| Work instructions |
Write out exactly, and only, the lines below from the line with "2017 Buick Cascada" through the line with "Youthful mastix came"; pictures do not belong in the copy.

(Items from a dataset)
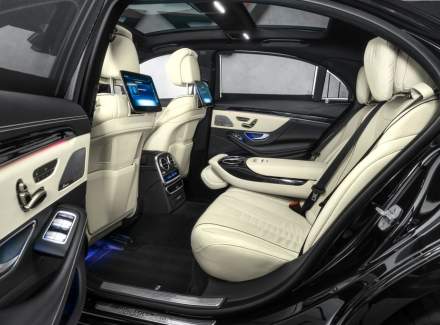 Mercedes-Benz - S-class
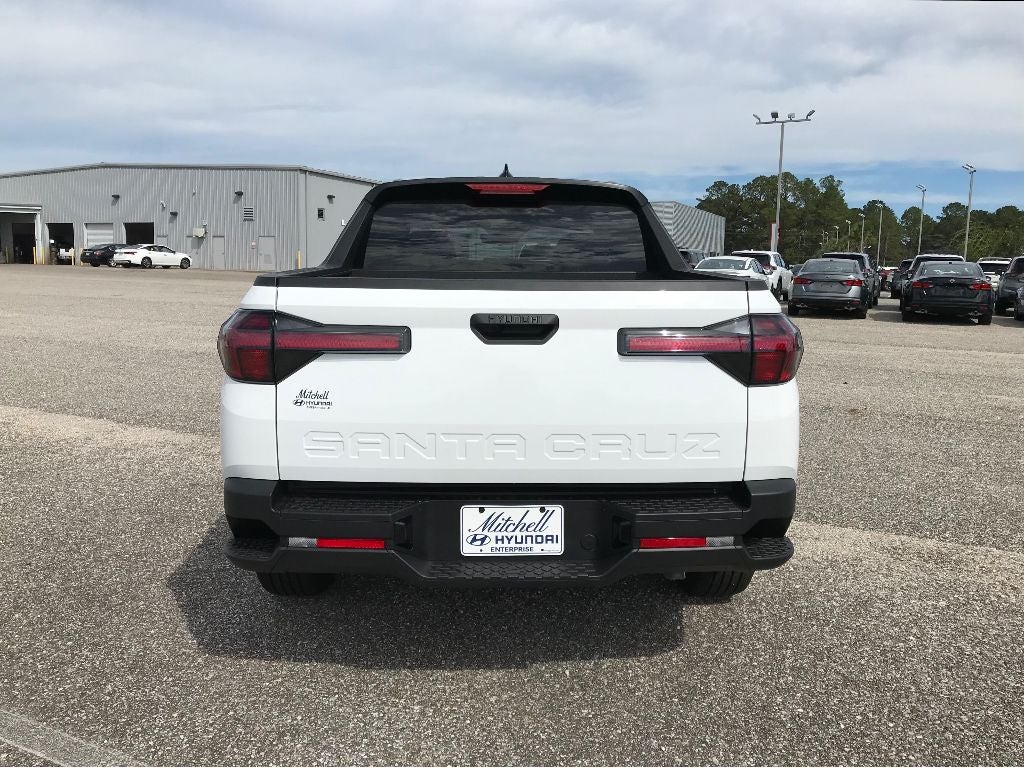 2026 Hyundai Santa Cruz SEL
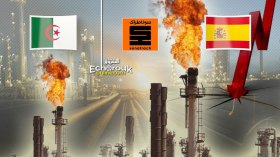 اسبانيا تهدد.. خفض أسعار الغاز أو اللجوء للتحكيم الدولي وفسخ العقود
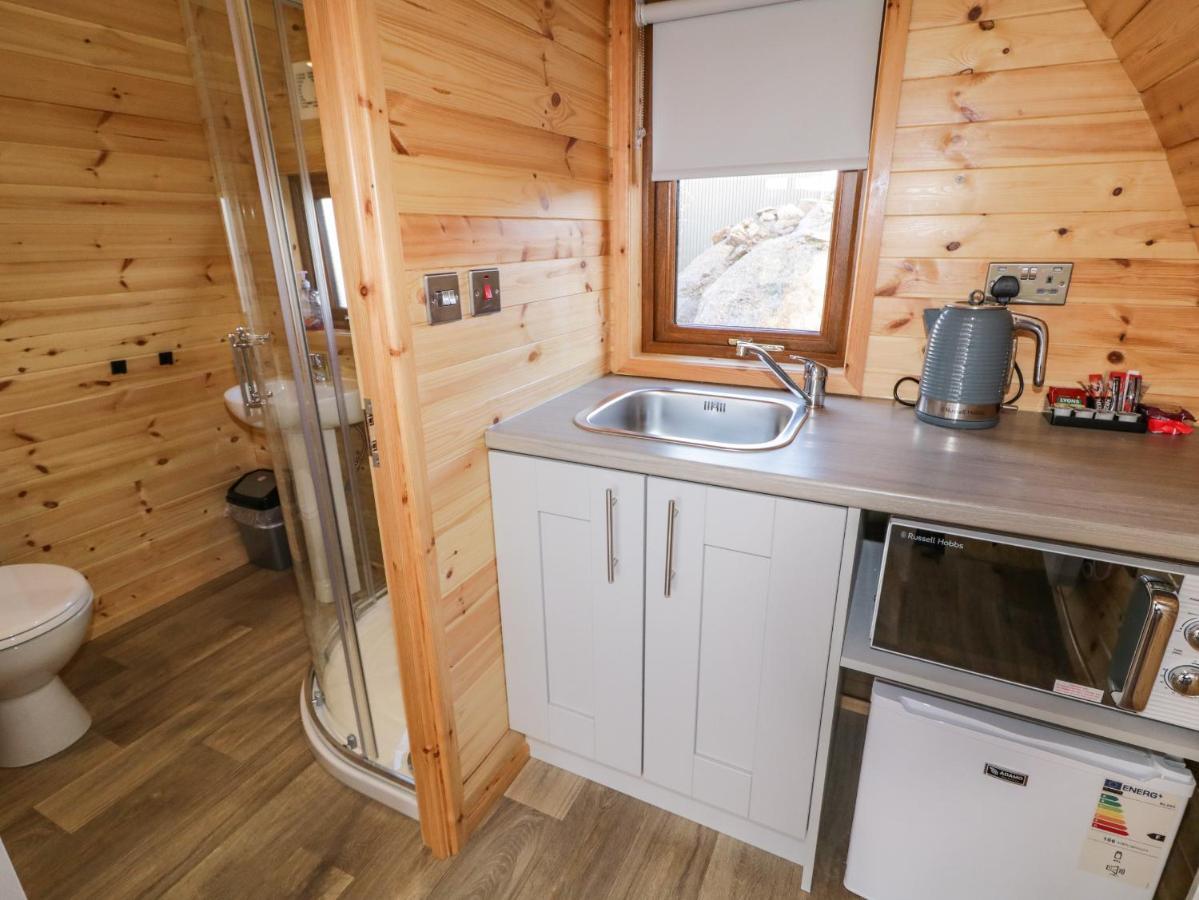 The Wheelhouse Pod No 5 Holiday home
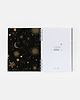 kalendarze i plannery NOTES ZODIAKI RAK B5  160 stron  SZARE KRATKI 1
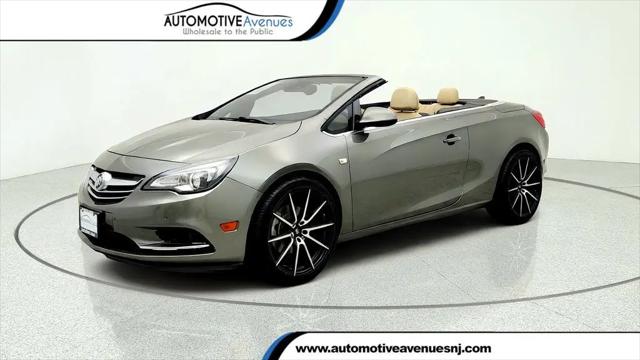 2017 Buick Cascada Premium for sale in Wall Township, NJ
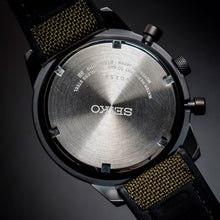 Reloj Seiko Chronograph SSB369P1 Quartz 10 BAR 45mm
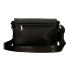 Bandolera con Solapa Reebok Tina Negro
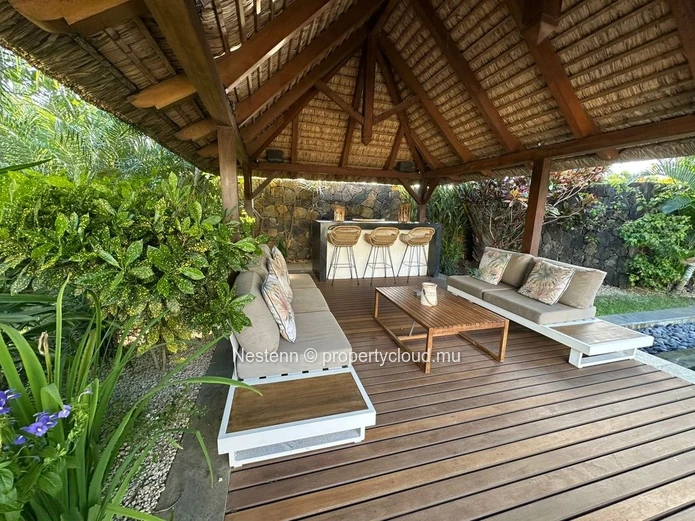 Villa moderne de 4 chambres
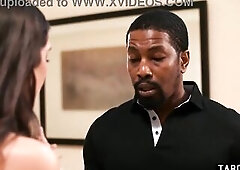 Youthful mastix came to visit the stepson of the guy that babe was dating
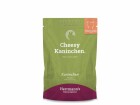 Herrmann's Nassfutter Kaninchen und Käse, 20 x 100g, Tierbedürfnis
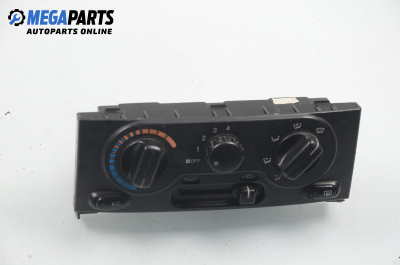 Air conditioning panel for Daewoo Lanos 1.3, 75 hp, hatchback, 5 doors, 2003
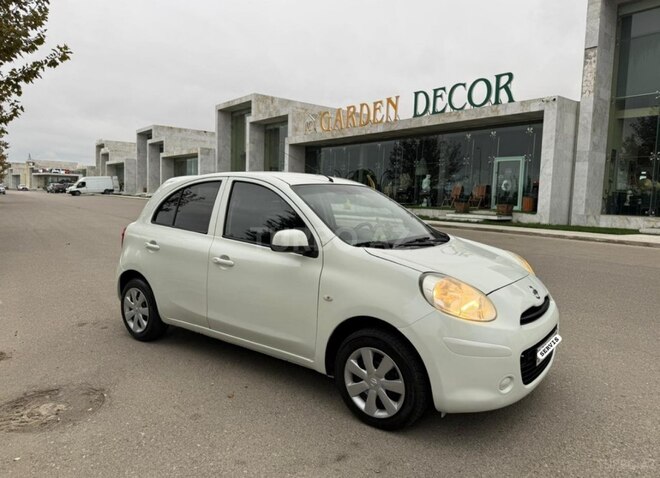 Nissan Micra 2012, 156,000 km - 1.2 l - Bakı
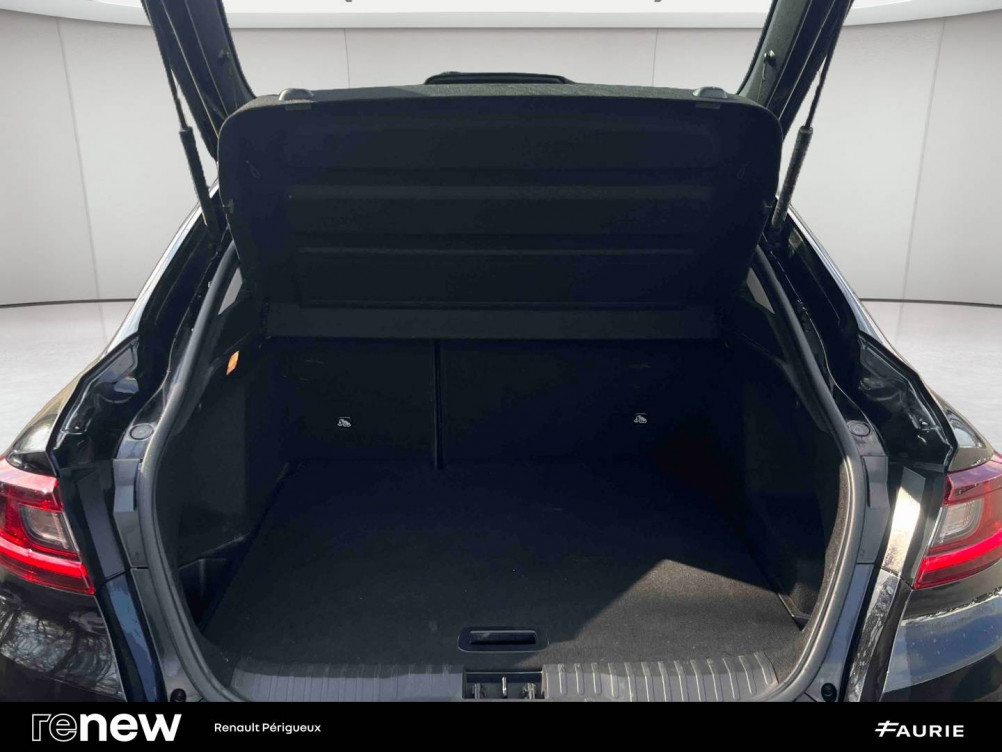 Acheter Renault Arkana Arkana TCe 140 EDC FAP - 21B Intens 5p occasion dans les concessions du Groupe Faurie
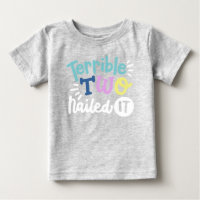 Terrible Two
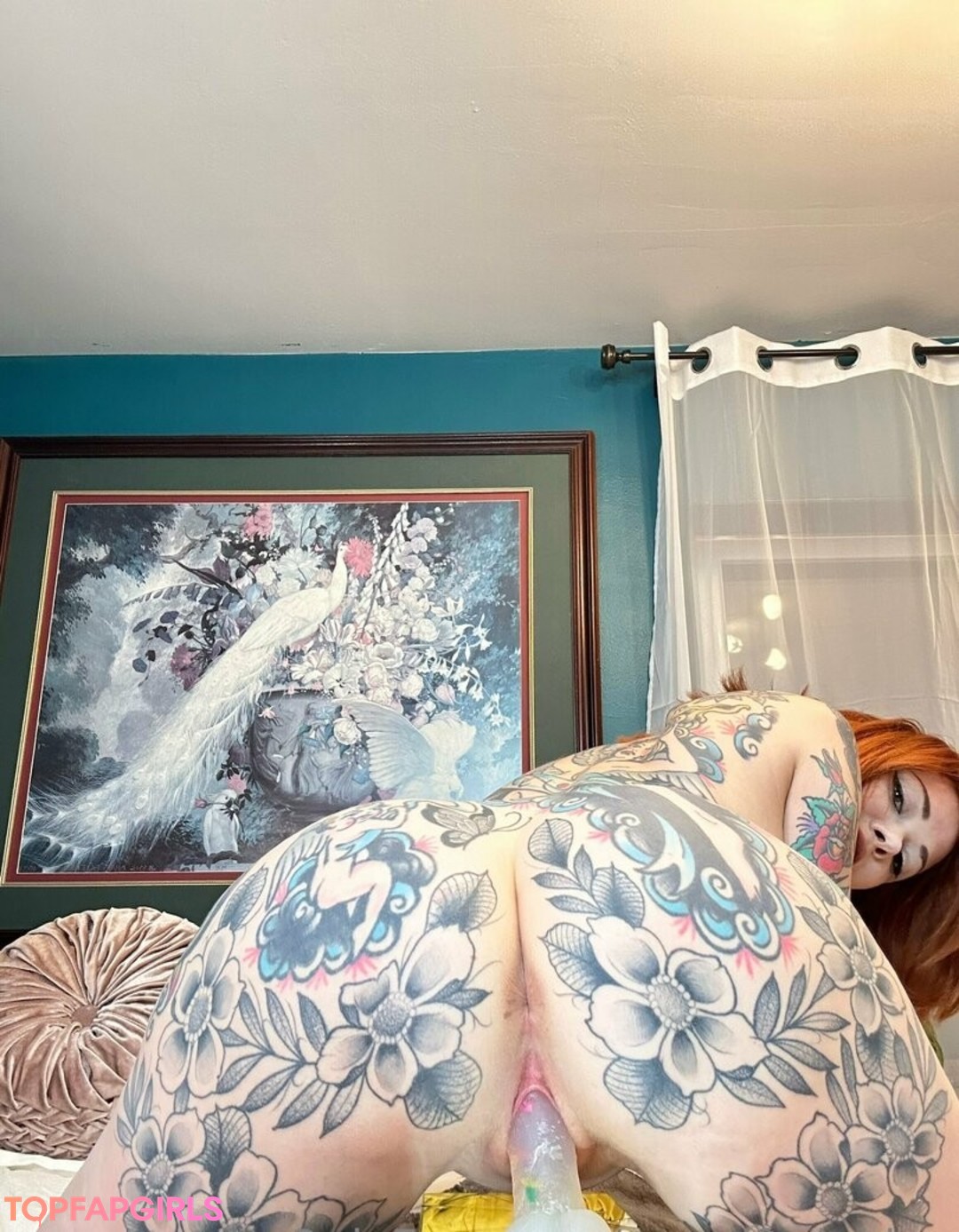 Photo nue de fuite OnlyFans de Maud Franklen #1575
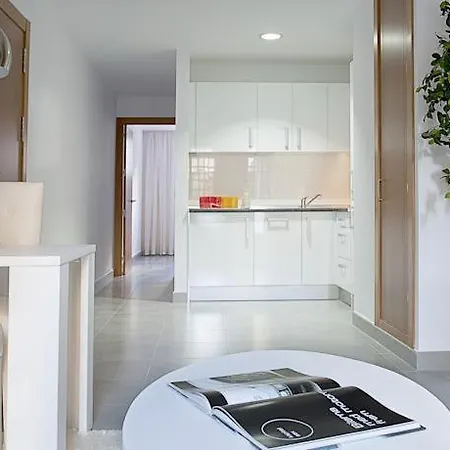 Andes Apartment Malaga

| Answer below |
 2017 Buick Cascada Premium for sale in Wall Township, NJ
 Reloj Seiko Chronograph SSB369P1 Quartz 10 BAR 45mm
 Bandolera con Solapa Reebok Tina Negro
 Villa moderne de 4 chambres
 Youthful mastix came to visit the stepson of the guy that babe was dating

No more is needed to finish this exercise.